Freedom and responsibility are the engine and transmission of prosperity. The Declaration of Independence, written in 1776, establishes a philosophical foundation: human beings are endowed with rights, and government exists to secure those rights. But the American experiment never intended “rights talk” to become a substitute for moral duty.
I repeatedly share the warning that when freedom is uncoupled from responsibility, anarchy reigns and tyranny triumphs. That isn’t empty rhetoric; it’s history. Disorder invites control. A society that cannot govern itself morally will eventually be governed by force. Thomas Jefferson, in the Works of Thomas Jefferson, cautioned with the clarity of a statesman who knew the fragility of freedom: “Can the liberties of a nation be sure when we removed their only firm basis, a conviction in the minds of the people, that these liberties are a gift of God?” Whether one reads Jefferson’s point in theological or philosophical terms, the civic meaning is the same: liberty depends on a shared conviction that something higher than appetite governs human conduct. When liberty becomes disposable, the entrepreneurial ecosystem becomes very brittle.

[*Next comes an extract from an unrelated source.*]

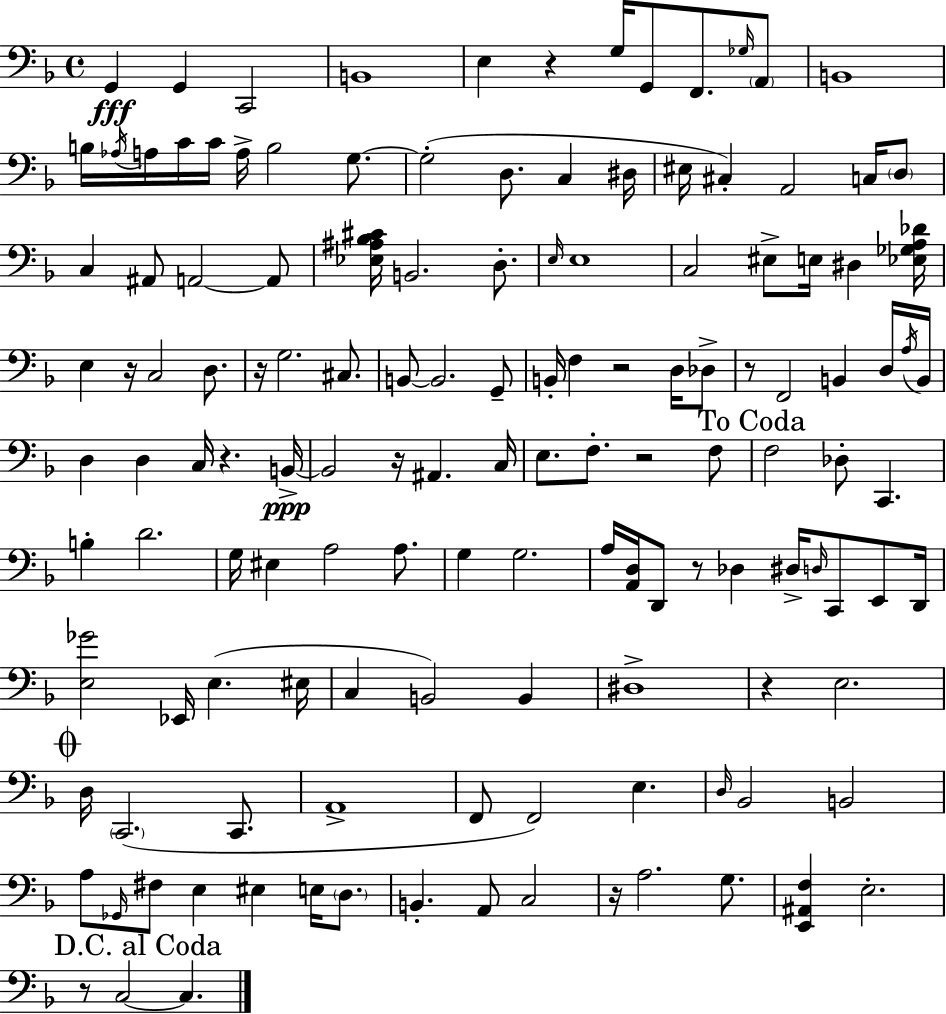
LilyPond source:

America’s blueprint is decisively simple: decentralize power, resist capture and trust citizens. The founding wasn’t only a revolution; it was a revolutionary exercise in institutional design, dispersing power to resist faction, monopoly and capture. That same revolutionary spirit shows up in the structure of the Constitution itself and in Madison’s warning about faction in Federalist No. 10, describing the need for federalism’s separation of powers, which provides checks and balances.
That architecture is entrepreneurial in its bones: put initiative near the work (local knowledge matters); expect competence and reward performance; limit domination, whether political or corporate; prevent capture of public institutions by narrow interests. Committees don’t create courage, nor do rules create character. People do. Policies can restrain the worst impulses, but they cannot manufacture virtue. Policy can, however, either nourish or poison the conditions in which virtue grows.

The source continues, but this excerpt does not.